About 10 minutes later, I reach the register where I would pop my Chick-Fil-A cherry. After having waited this long, I was thinking "This had better be good" and I was a bit bothered by the thought that the long line would detract from what people had told me would be the best chicken sandwich I have ever had. I ordered the fried sandwich with none of the frills. The girl told me how much, I paid her, and she gave me my change. I said "Thank you" to which she replied "It's my pleasure."
Now that is a bit of an odd thing to hear coming from a high school aged girl. "You're welcome" or "No problem" or a simple "Yup" would be expected. As I thought about it I realized there was something else odd here. Not flaming odd, just one of those nagging thoughts that something is amiss and you can't quite put a finger on it. Then it dawned on me. I had just stood through a very long line. And not your ordinary long line either. A long line of annoying teenage girls. Yet this cashier was smiling. Smiling and saying "It is my pleasure." I decided her parents must be old fashioned and demand that she reply in such a way.
It wasn't long before I heard my name called out by a male voice, so I went to get my order. He handed me the bag and I said "Thank you" and he said "It's my pleasure." Well there went that theory. She was white and he was Hispanic. They couldn't possibly be brother and sister. Perhaps I had slipped into a time warp and landed right smack in the middle of the 1950's or something. I walked out the door and no, the cars were modern. I walked across the street towards my truck and then it hit me. Not my truck, a realization. Let's look at the evidence here.
- Smiling when one should not be happy.
- Ritualistic chanting.
- "Spirit Night"
- Serving beverages.
Obviously, I had walked into a cult meeting. I thought about not drinking my tea, but I was thirsty. And who knows, they could be right. Perhaps there was a better place waiting for me. I got to my truck and ate the waffle fries. Not bad. Then the chicken sandwich. Awesome. It was everything it was cracked up to be. I didn't even care that I had just joined a cult. Dare I say it was my pleasure?

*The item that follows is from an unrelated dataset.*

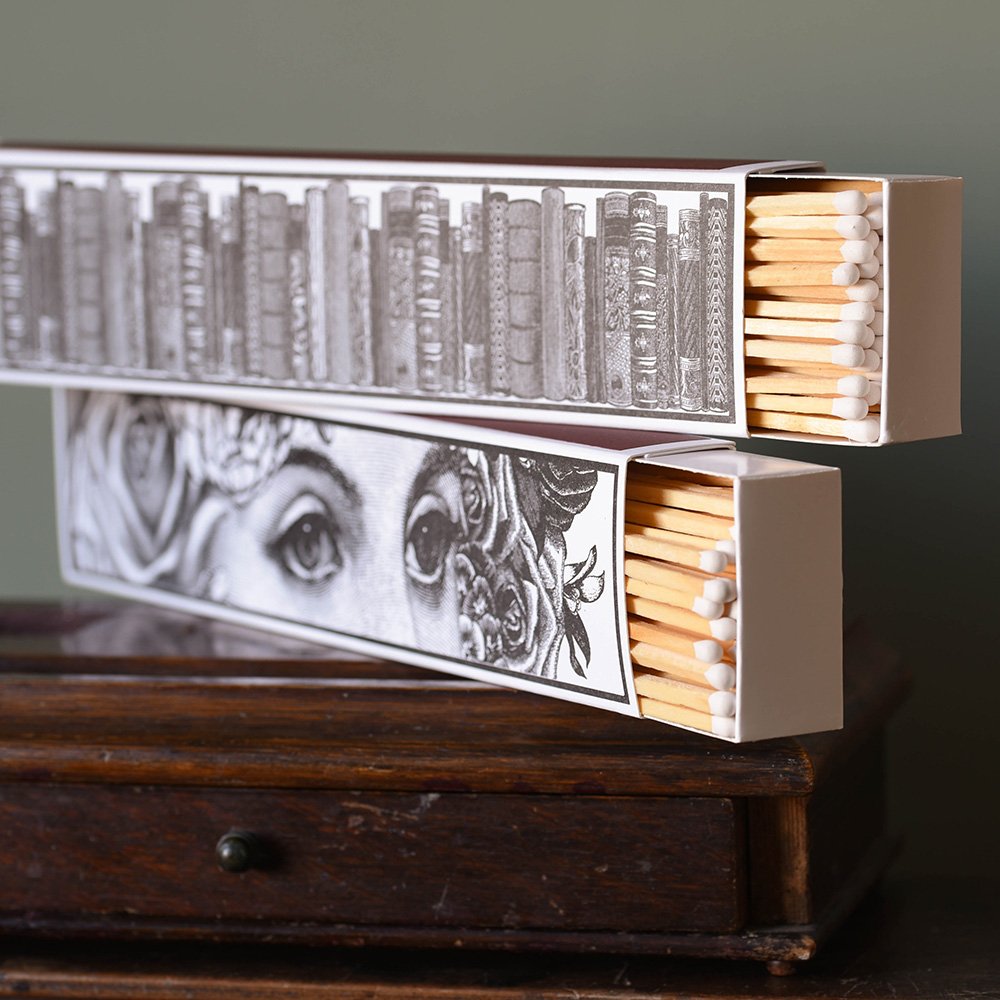 Two Boxes of Extra Long Luxury Matches in the 'Library' and 'Wide Eyes' Chase & Wonder Designs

Now I understand that the owner of this joint said some things that gay people find offensive. I get that. But if you think you are punishing him by not eating his sandwiches, you are wrong my silly little gay friends. You are punishing yourselves. I challenge you to try this. Find yourself one of your straight friends and ask him about his marriage. See that glazed look in his eyes when he tells you about how great it is and how happy he is? Notice that tear he tries to pass off as a tear of joy as he wipes it from his tortured face? Now ask him if he wants a Chick-Fil-A sandwich. See how his whole face seems to brighten? Notice the glazed over look leaving his eyes? Observe the genuine joy this man is feeling. Do you now understand how insane you are acting? The sandwich is there. The guy who may not like you made it, but he is not denying you the pleasure. Eat, drink, and be merry. For tomorrow they legalize gay marriage, and you will wish for sweet, sweet death. Don't go to a gay marriage rally, my friends. Eat Mor Chikin! And no need to thank me for this sound advice. It was my pleasure.